There have also been suggestions that an enlarged court could be given a wider role in arbitrating for groups of public sector workers like nurses and local government officials.
But Ms Owens says that changes in industrial relations machinery is a matter for the Government and social partners. She has no complaints about existing resources, but warns that the situation could change.
"For example, if there is no new national agreement, or if the new equality and working conditions Bills become law. There also seem to be more EU directives coming through the Social Charter and we may well have to reassess the resources needed."
She points out that the court had four divisions until 1993. It was reduced to three by the Department of Enterprise and Employment, because of a fall off in cases following the advent of national agreements.
"While this may be the case, the nature and complexities of cases coming to the court has changed. The court is now more frequently required to deal with issues relating to restructuring in the workplace and financial difficulties of companies.
Earlier this year, the Labour Relations Commission published a strategic policy document, Improving Industrial Relations, which proposed that Labour Court arbitration be made binding. "There was an inference that the court had been consulted. We hadn't," says Ms Owens.
"We have submitted our views on the issue to the commission and to the Department of Enterprise and Employment. We would not be happy with it at all. The commission's document reads as if you can't come to the court unless prepared to be bound by its findings.
"But it was only a discussion paper and to that extent - that it stimulates more interest and debate in the area - well done."
Ms Owens points out that there is provision already for binding arbitration by the court, if parties to a dispute agree.
Since the Labour Relations Commission was set up under the 1990 Industrial Relations Act, there have been reports of tension between the two agencies, especially as the conciliation services were taken out of the court's remit and given to the LRC.
There had been a tendency in recent years for union and employer bodies to treat conciliation as simply a preliminary to gaining access to the court.
"Our relations with the conciliation staff didn't change because the people became part of the commission," she says. "We were reading about had relations in the media but they didn't exist in here. We have regular meetings with the chief executive of the LRC, Mr Kieran Mulvey, and the director of conciliation, Mr Ray McGee."
"We did have difficulties, and do, from time to time on strategic policy," she says, "and that's fair enough."
She accepts that something of a revolving door syndrome has developed, where disputes go to the LRC, are referred on to the court and then resurface in the LRC again. Ms Owens says that both the court and the commission are concerned about this trend.

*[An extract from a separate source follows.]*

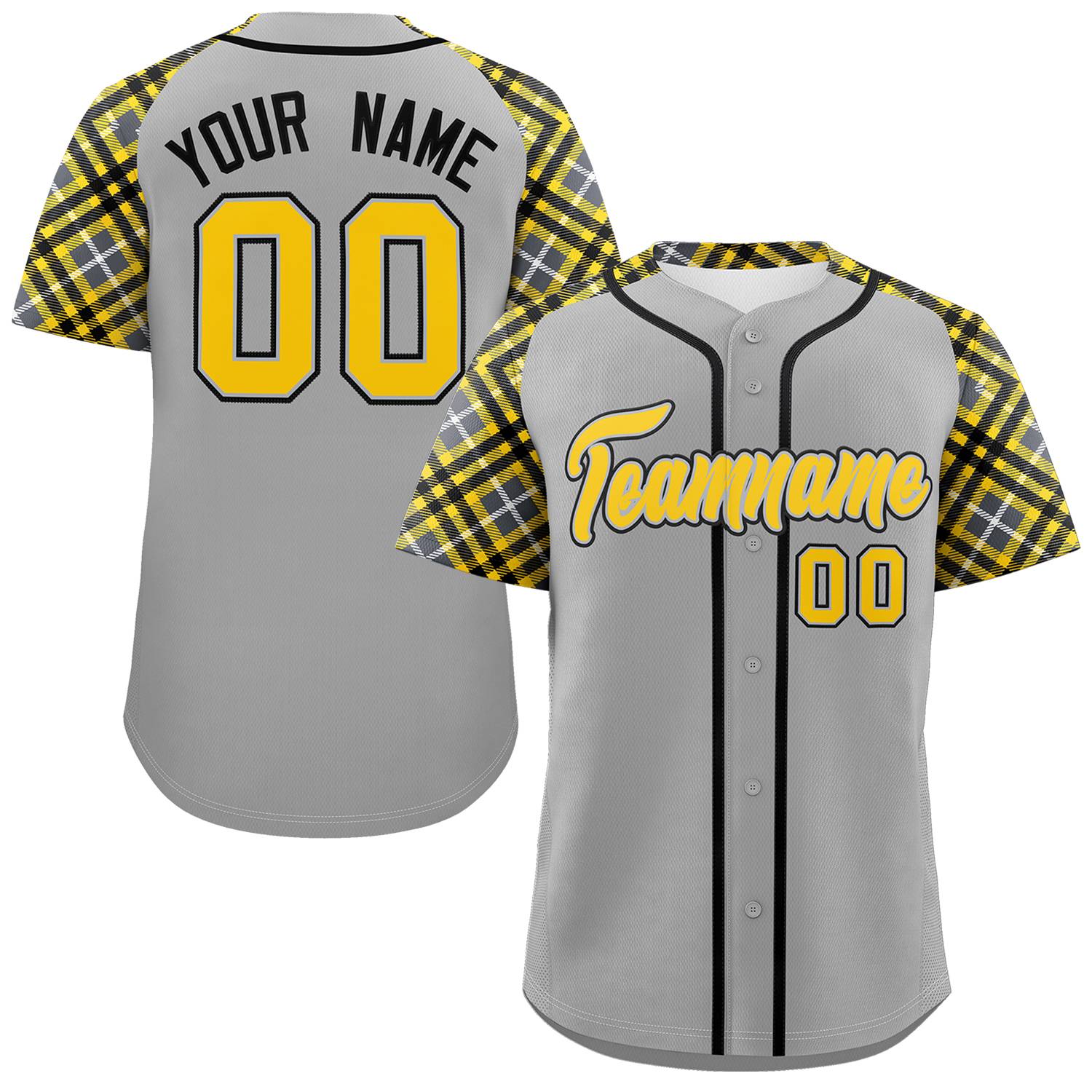 Custom Gray Gold-Black Personalized Raglan Sleeves Authentic Baseball Jersey | KXKSHOP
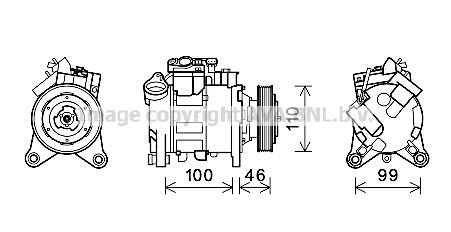 BWAK489 AVA QUALITY COOLING Компрессор, кондиционер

Access to the Labour Court is open to individual workers as well as trade unions - who have a grievance. In recent years, however, the court has also dealt with increasing numbers of equality cases, where plaintiff and defendant tend to have legal representation.
While one senses that Ms Owens regrets the intrusion of the lawyers, she is adamant that the court wants to retain its involvement in the equality area.
The court has been to the fore in combating sexual harassment. It was on the basis of a court recommendation in 1985 that freedom from sexual harassment was established as a basic condition of employment.
"That was a landmark decision," Ms Owens says. "Employers have become much more positive and aware now of the problem." She admits that she does not relish harassment cases. "To tell the truth, some of the cases are so distressful I hate to see people having to go through the ordeal of giving evidence. We have had to have adjournments to give people a chance to recover and continue with their evidence."
Last year, for the first time, the court used its power to refer an equality case to the European Court of Justice for a preliminary ruling. The issue is whether civil servants on job share are entitled to their full increments for the period of job share, or only half. The vast majority of workers affected are women and the outcome could have huge implications within the Civil Service.
Meanwhile, much of the pioneering work done by the court in areas like equality and sexual harassment is now being incorporated into new legislation being prepared by the Minister for Equality and Law Reform, Mr Taylor.
Ms Owens believes the great asset of the court is that "it's free and it's accessible. People who visit from other countries can't believe this, that someone can come in, with or without their union, and be heard".
And, while the Labour Court system of arbitration is voluntary, refusal to accept a recommendation usually leaves the employer or union concerned indicted in the eyes of the public. That can prove an increasingly important factor in industrial conflicts, as recent high profile disputes such as Dunnes Stores have proven.